You may find these interesting; the second link in particular.

- https://lists.gnu.org/archive/html/bug-bash/2006-12/msg00033.html
- https://lists.gnu.org/archive/html/bug-bash/2006-12/msg00035.html
- http://std.dkuug.dk/JTC1/SC22/WG15/docs/rr/9945-2/9945-2-98.html

Though I was aware of these behaviours, I do find the POSIX wording to be 
unclear as concerns the observations made by the second link, to say the least. 
I would add that it is possible to have it both ways, so to speak, though the 
means of going about it are no less confusing than the topic at large.

$ IFS=,
$ str="a,b"
$ arr=($str""); declare -p arr
declare -a arr=([0]="a" [1]="b")
$ str="a,b,"
$ arr=($str""); declare -p arr # duly coercing an empty field that some may 
expect or wish for
declare -a arr=([0]="a" [1]="b" [2]="")

-- 
Kerin Millar



Re: IFS field splitting doesn't conform with POSIX

2023-03-30 Thread Felipe Contreras
On Thu, Mar 30, 2023 at 10:10 AM Oğuz İsmail Uysal
 wrote:
>
> On 3/30/23 2:12 PM, Felipe Contreras wrote:
> >  IFS=,
> >  str='foo,bar,,roo,'
> >  printf '"%s"\n' $str
> zsh is the only shell that generates an empty last field, no other shell
> exhibits this behavior.

So? This is argumentum ad populum. The fact that most shells do X
doesn't imply that POSIX says X.

It could very well mean that all shells are implementing POSIX wrong.
Except zsh.

Or it could mean POSIX doesn't specify which behavior is correct.

> Besides your link says:
>  >The shell shall treat each character of the IFS as a delimiter and use
> the delimiters as *field >terminators* to split the results of parameter
> expansion, command substitution, and arithmetic >expansion into fields.
>
> So the delimiters terminate fields, not separate them.

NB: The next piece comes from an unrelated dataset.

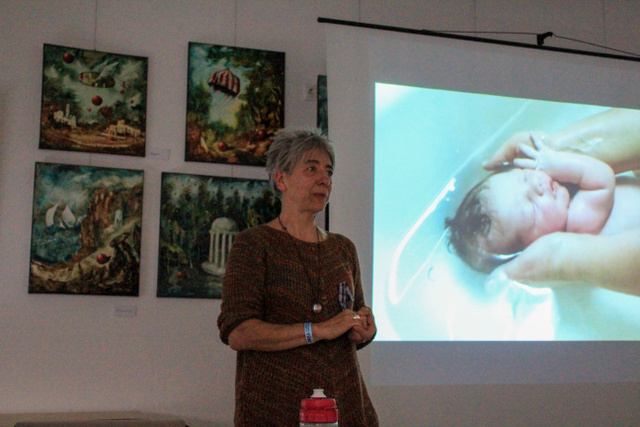 Prof. dr. Varga Katalin a szülés és születés minőségéről beszélt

Yes. 'foo,bar,' has two terminators, and therefore two fields.
'foo,bar,roo' has two terminators and therefore two fields, plus
garbage.

You want to interpret 'foo' as a field, even though it does not have
an an explicit terminator. But that's not specified anywhere in POSIX.

POSIX doesn't say what should be done with the text after the last
terminator. You could throw it away and still be conforming to POSIX.

-- 
Felipe Contreras



Re: IFS field splitting doesn't conform with POSIX

2023-03-30 Thread Oğuz İsmail Uysal

On 3/30/23 2:12 PM, Felipe Contreras wrote:

 IFS=,
 str='foo,bar,,roo,'
 printf '"%s"\n' $str
zsh is the only shell that generates an empty last field, no other shell 
exhibits this behavior.


Besides your link says:
>The shell shall treat each character of the IFS as a delimiter and use 
the delimiters as *field >terminators* to split the results of parameter 
expansion, command substitution, and arithmetic >expansion into fields.

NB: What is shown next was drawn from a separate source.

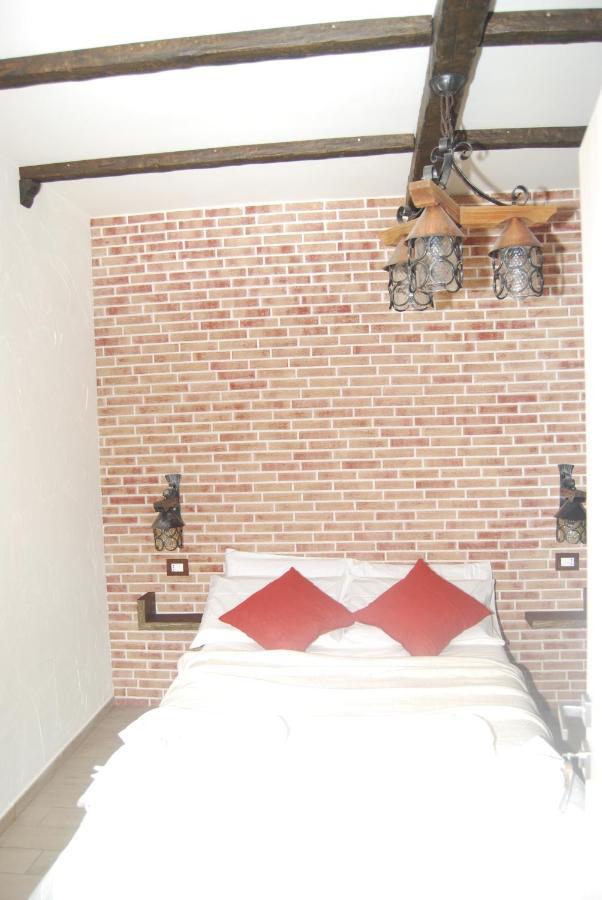 Domus Florio - Humanitas Rozzano Bed and Breakfast Pieve Emanuele Εξωτερικό φωτογραφία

So the delimiters terminate fields, not separate them.




Re: IFS field splitting doesn't conform with POSIX

2023-03-30 Thread Emanuele Torre
On Thu, Mar 30, 2023 at 07:51:59AM -0600, Felipe Contreras wrote:
> But you can't replicate 'a,b' that way, because b does not have a
> terminator. Obviously we'll want 'b' as a field, therefore one has to
> assume either 1) the end of the string is considered an implicit
> terminator, or 2) the terminator in the last field is optional.
> Neither of these two things is specified in POSIX.
> 
> If we consider 1) the end of the string is considered an implicit
> terminator, then 'a' contains a valid field, but then 'a,' contains
> *two* fields. Making these terminators indistinguishable from
> separators.

I repeatedly disputed this interpretation on IRC by saying that your
reasoning to come to this conclusion is that "',' can terminate a field,
and the end of the string can terminate a field, so ',' at the end is
two terminators".

If we extend that reasoning 'a , b' with IFS=' ,' should be split into
four fields because individually ' ', ',', ' ', and the end of string
could all terminate a field.

That is obviously not the case because POSIX clearly says that a field
is terminated by the longest match for either a single non-IFS
whitespace character in IFS, and all the IFS-whitespace characters in
IFS around it if any; or a non-zero-length sequence of IFS-whitespace
characters in IFS. So ' , ' is a single terminator.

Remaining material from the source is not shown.